This summer saw the publication of the final report of the University of Chicago campus master plan steering committee. Produced by the international architectural firm NBBJ, the report recommends building the Gerald Ratner Athletics Center, a new parking structure, new residence halls, the Interdivisional Research Building, and a new Graduate School of Business campus (see “Chicago Journal,” August/98, October/98, April/99).

Other major recommendations include constructing a permanent ice skating rink on the Midway, a new arts center, and a new University of Chicago Press building at the southeast corner of Dorchester Avenue and 60th Street.

“When all the dust—literally—settles,” says provost and steering committee co-chair Geoffrey Stone, JD’71, “this is going to be an even more beautiful campus that better serves the needs of the community.”

Work has already begun on the press building (see “U of C Press director Morris Philipson retires; construction on new press building begins,” p. 14), with the parking structure to follow this fall. Next year should see groundbreaking on the skating rink, the residence halls, and the Gerald Ratner Athletics Center.

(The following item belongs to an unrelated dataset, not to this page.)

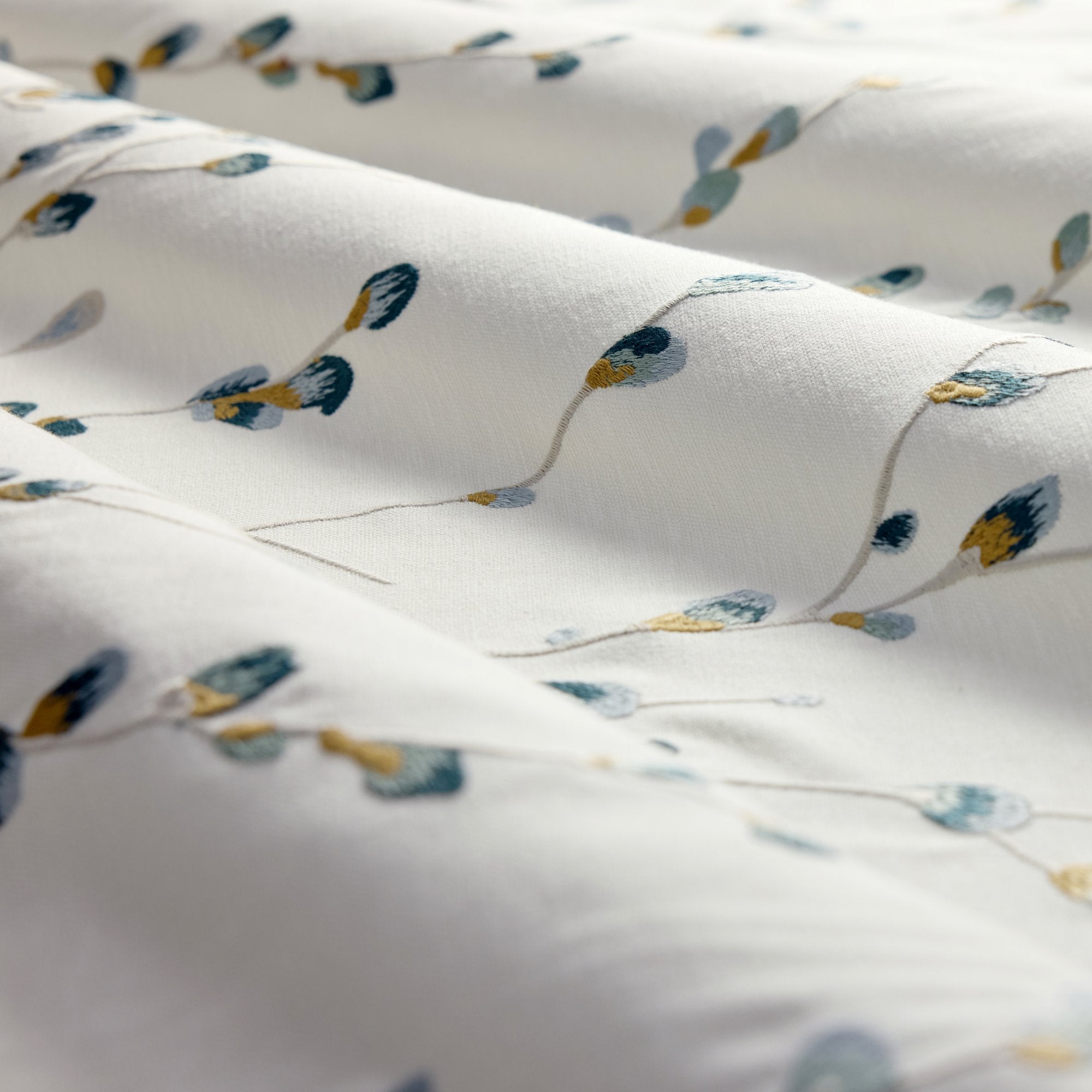 HAF0678-02 Salice Embroidery Azul / Julip Signature Fabric by Harlequin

Planning for the research and GSB buildings is still in the early stages. All together, these projects will cost about $500 million.

“It’s been an extraordinarily successful process,” Stone says, “involving input from faculty, trustees, students, alumni, administrators, and neighbors. We have managed to site a number of extremely important buildings, which are very difficult to site on an urban campus, in a way that makes sense both for the near and the long term.”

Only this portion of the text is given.